DATA FOR THE TASK Block Start
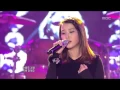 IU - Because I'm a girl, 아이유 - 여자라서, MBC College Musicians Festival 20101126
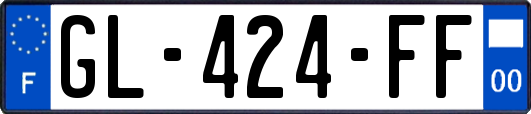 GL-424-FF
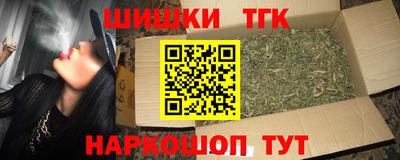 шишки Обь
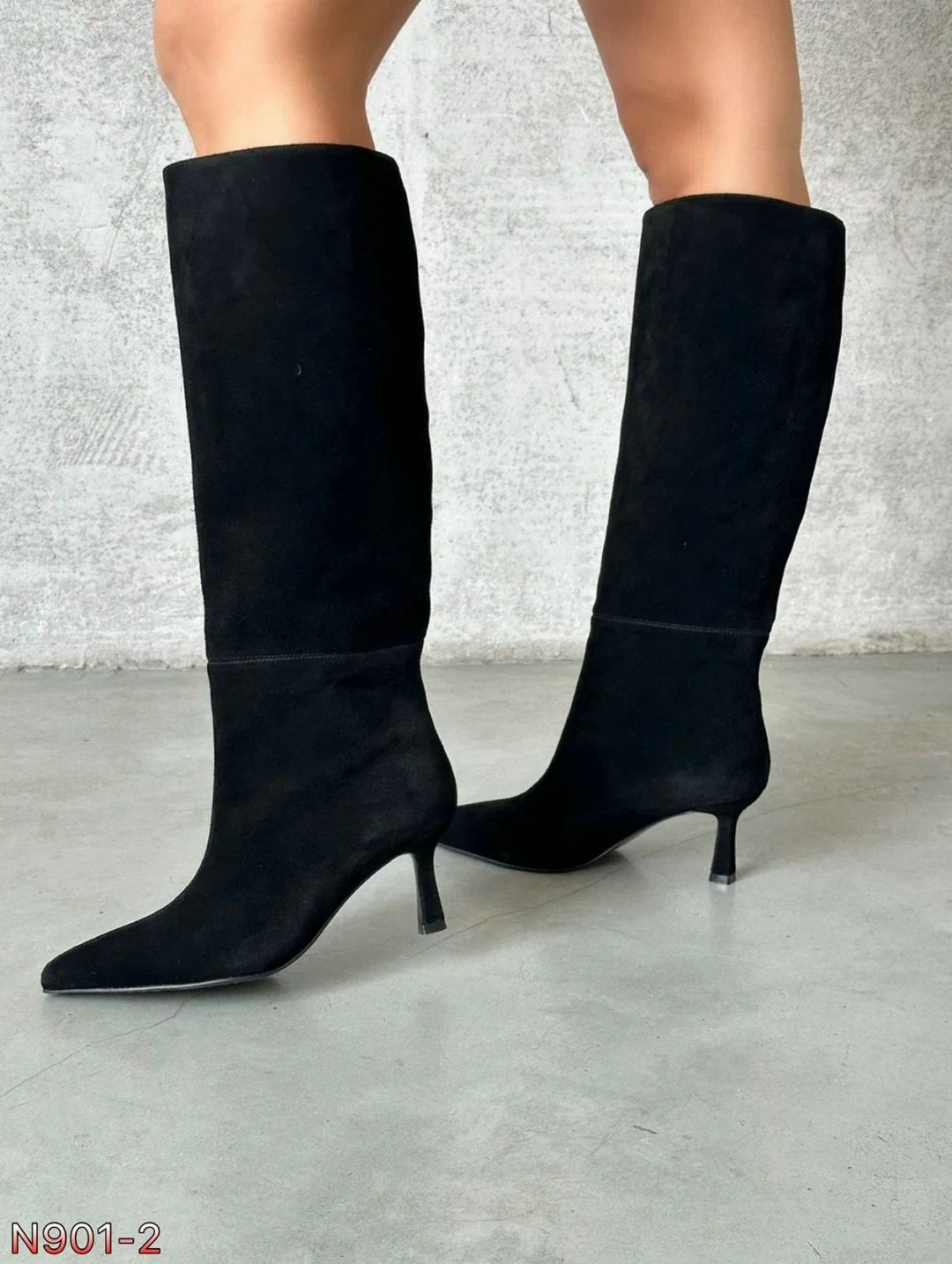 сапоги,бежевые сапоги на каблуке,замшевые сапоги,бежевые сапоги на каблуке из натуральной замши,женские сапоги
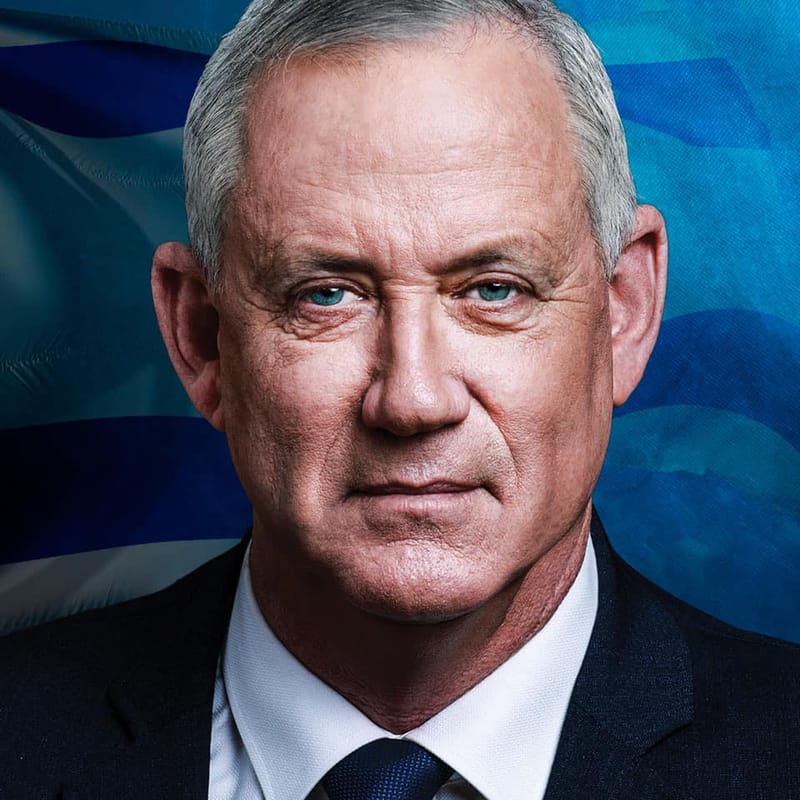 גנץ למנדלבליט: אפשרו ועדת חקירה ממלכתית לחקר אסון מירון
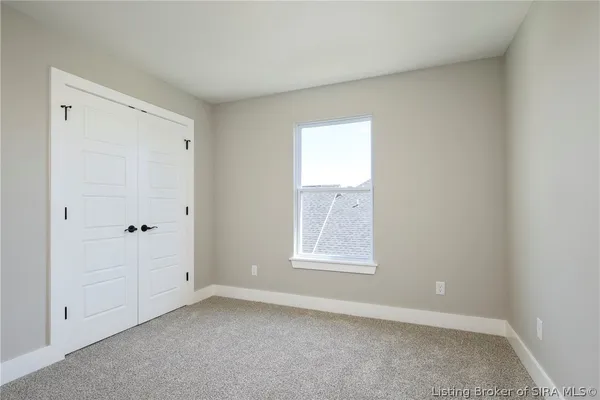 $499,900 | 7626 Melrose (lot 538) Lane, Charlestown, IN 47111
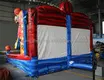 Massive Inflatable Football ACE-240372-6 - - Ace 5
DATA FOR THE TASK Block End
DATA FOR THE TASK Block Start
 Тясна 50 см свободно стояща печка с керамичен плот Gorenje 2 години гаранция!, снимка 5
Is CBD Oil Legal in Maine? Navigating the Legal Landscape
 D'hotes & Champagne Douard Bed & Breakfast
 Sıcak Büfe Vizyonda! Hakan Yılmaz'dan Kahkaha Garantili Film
DATA FOR THE TASK Block End
Look above for the line with "Charlestown, IN 47111" and the line with "Massive Inflatable Football", then restate exactly those two lines and all lines between them, with no pictures.

» **RESULT BELOW**
 $499,900 | 7626 Melrose (lot 538) Lane, Charlestown, IN 47111
 Massive Inflatable Football ACE-240372-6 - - Ace 5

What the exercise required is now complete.